Furthermore, (I just can’t leave this part out) Martha said, “Lord, if You had been here, my brother would not have died.” I get this, too. I have hoped, as both sisters did, for Jesus to “arrive” on the scene of my life, in time to prevent the death of something precious to me. I have wept over dead and buried dreams. My soul has said to Him, like Martha, “If You had been here (with me), _____ (list of bad things) wouldn’t have happened. I know that much about You and Your power.”
In response, Jesus reasoned with Martha…talked with her.
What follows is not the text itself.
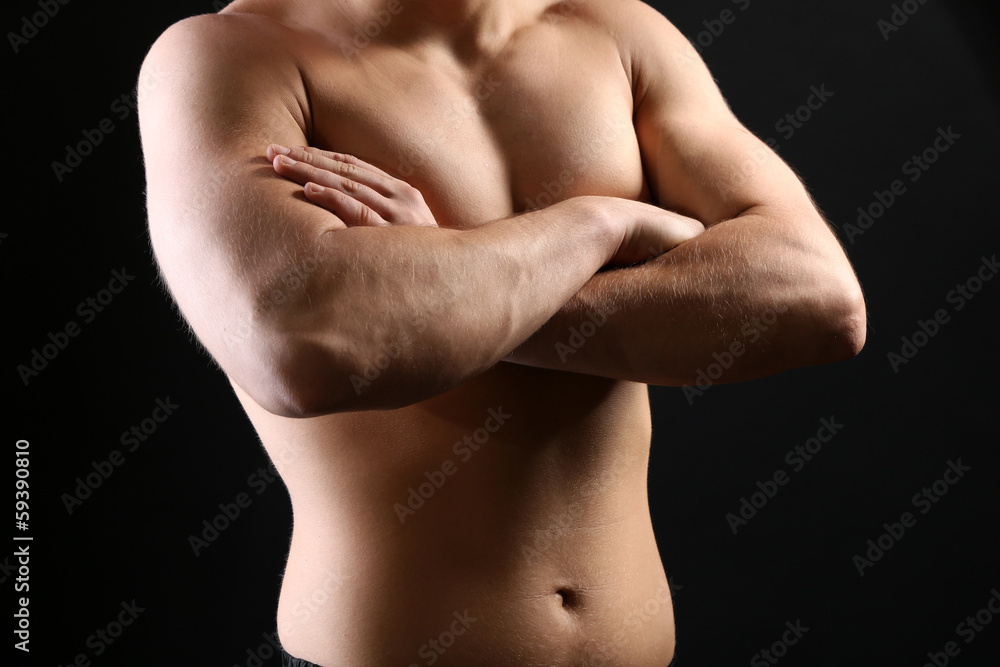 Handsome young muscular sportsman, on dark background Handsome young muscular sportsman, on dark background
Sometimes He reasons with me, helping me organize my disheveled thoughts, completing my flawed theology…and I’m comforted.
BUT Mary said the exact same thing as her sister, yet Jesus did NOT try to reason with her. He wept with Mary — even though He KNEW He was going to solve her pain within minutes. Why stop and weep with her? Why waste that time – why not pick her up, run to the tomb, raise her brother, and end everyone’s tears? I’m stunned it was more important to Jesus that Mary know her pain hurt Him, than it was to rush to raise Lazarus. He did the resurrecting, to be sure, but after he did the weeping. That awes me.
And I got the message, once again. He weeps with me. He takes that kind of time. Even though a miracle is coming. Cry now, we’ll talk later.
Every mama with hidden disabilities in her home needs time for her own emotions (even though miracles are coming)….
Jesus tenderly met me at 30,000 ft. to tell me again, right there on United Airlines, my tears matter to Him. And I believe Him.